Saturday, July 17, 2010

The fascination of Le Tour

If you think that cycle racing is just about getting on a bike and peddling as fast as you can, then you should watch the Tour de France. The sport is as much about tactics and outwitting your opponents as it is about speed.

The most obvious example is the way that on flat stages teams work to ensure that their fastest man is in a good position for the final sprint to the line. On those kind of days you also find teams working together in the peleton to reel back breakaway groups. Of course, if a team has a promising rider in a breakaway group, then they will be reluctant to help draw the riders back in. They are also less willing to chase a breakaway if the people in it are unlikely to affect the general classification.

Television commentators try to predict what tactics might be applied from day to day but often they get it completely wrong.

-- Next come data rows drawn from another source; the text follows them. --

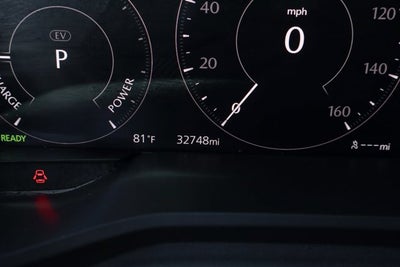 2025 Mazda Mazda CX-90 PHEV Premium
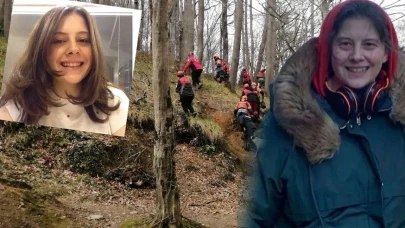 Belgrad Ormanı’nda kaybolan peyzaj mimarı Ece Gürel’in ölüm nedeni belli oldu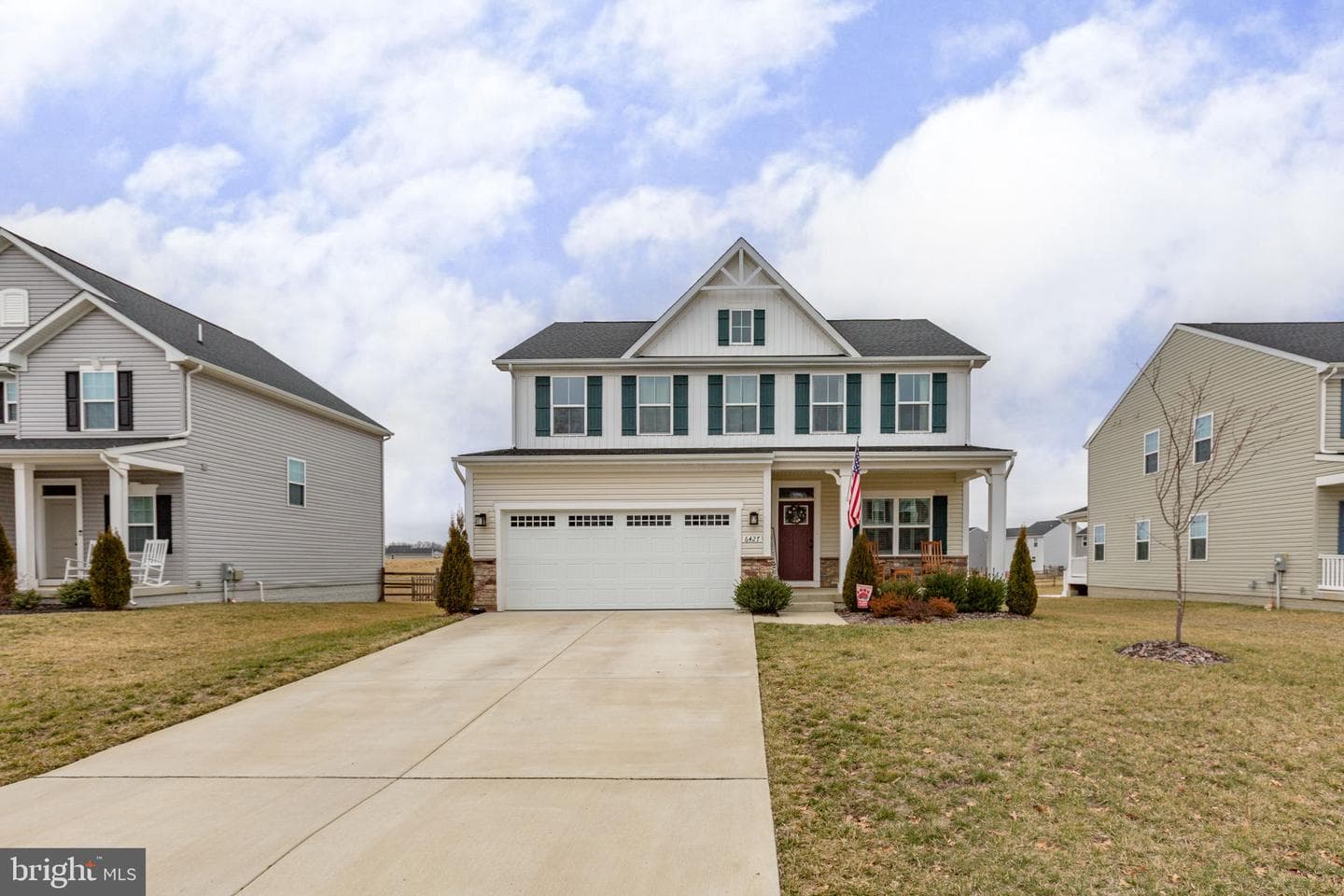 6427 Hawkeye Drive photo 63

Yesterday we saw a different form of tactical riding by Alberto Contador. He knows that on long climbs, his rival for the crown Andy Schleck, will react to any movements he makes. Yesterday’s stage finished with a short but brutal climb. Contador took advantage of that and made a dash once he was close to the summit.

Although Shleck reacted to the move, he wasn’t able to keep up with the Spaniard and lost ten seconds of his lead. That might not sound much but psychologically it was significant because Contador has now revealed a weakness in his opponent. You can be sure that he will exploit that weakness in the Pyrenees where we can expect him to challenge Shleck over and over again. Or maybe he wont, maybe he will wait for the time trial – we shall have to wait and see.

If the unexpected makes Le Tour a fascinating race to watch, it was even more interesting in the past. For example, In 1950 when the summer was particularly hot, many of the riders got off their bikes and ran into the Mediterranean at Ste-Maxime. They were of course penalised by the judges.Then in 1978, the peloton decided to ride slowly all day and finally walked across the line at Valence d'Agen in protest at having to get up early to ride more than one stage in a day. I don’t suppose anybody saw either of those events coming.